Sí, las fotografías no son más que la huella cierta de una muerte que, ya en un pasado constituido en el momento preciso como presente fotográfico, anunciaba el cadáver del que, antes incluso del momento, era representación. Acudan a sus fotografías, presencien la muerte y la vida que fluye a borbotones de cada una de ellas. Observen, no lo duden. Yo lo hago de vez en cuando, como un ritual catártico, para observar el cadáver del que fui (o del que fuimos), para traer a mí el cadáver de lo que me fue familiar y ya no es nada mío; para observar sus cadáveres sonrientes, lejanos, otros a lo ahora.

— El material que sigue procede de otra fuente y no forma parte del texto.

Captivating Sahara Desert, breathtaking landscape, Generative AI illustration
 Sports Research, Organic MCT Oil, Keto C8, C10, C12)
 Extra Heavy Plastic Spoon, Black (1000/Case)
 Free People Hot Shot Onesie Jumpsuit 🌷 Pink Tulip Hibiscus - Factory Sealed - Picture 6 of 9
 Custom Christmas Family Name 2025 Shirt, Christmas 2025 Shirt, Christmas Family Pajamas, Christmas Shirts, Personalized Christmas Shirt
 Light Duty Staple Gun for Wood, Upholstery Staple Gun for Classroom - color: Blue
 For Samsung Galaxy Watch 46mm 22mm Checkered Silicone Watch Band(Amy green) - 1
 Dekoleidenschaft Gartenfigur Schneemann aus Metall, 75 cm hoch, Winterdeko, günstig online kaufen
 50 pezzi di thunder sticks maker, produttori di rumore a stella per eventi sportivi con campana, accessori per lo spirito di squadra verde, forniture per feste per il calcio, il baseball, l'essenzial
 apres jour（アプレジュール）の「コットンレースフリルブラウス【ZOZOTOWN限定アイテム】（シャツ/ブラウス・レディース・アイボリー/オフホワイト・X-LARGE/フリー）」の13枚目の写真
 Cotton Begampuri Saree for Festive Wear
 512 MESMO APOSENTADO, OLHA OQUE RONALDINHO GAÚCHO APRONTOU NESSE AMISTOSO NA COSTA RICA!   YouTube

Háganlo y nunca, nunca, quemen esas malditas fotografías que no saben por qué diablos guardan; de no conservarlas, desecharían quizá la huella de su perdida y, a falta de objeto al que maldecir, la posibilidad del duelo.


Luego sonrían; no dejen de tener en cuenta que el dolor, ese dolor que no es físico, es una de las formas más sublimes con que se nos anuncia la vida de la que participamos, de la que somos parte; por la que, mejor a peor, tratamos de consistir.


¿No la ven? Se escapa en cada palabra, rompe la tipografía; apenas se deja puntuar y rara vez es caprichosa ni demanda florituras; con pocas palabras, que se repiten como una oración en nuestra especie, anuncia la vida esta intensidad, este ansia de no sucumbir a cada generación.



(Creo que debería abrir la ventana de la cueva para que pueda escapar este aire denso.)



Disculpadla (una vez más, o una próxima).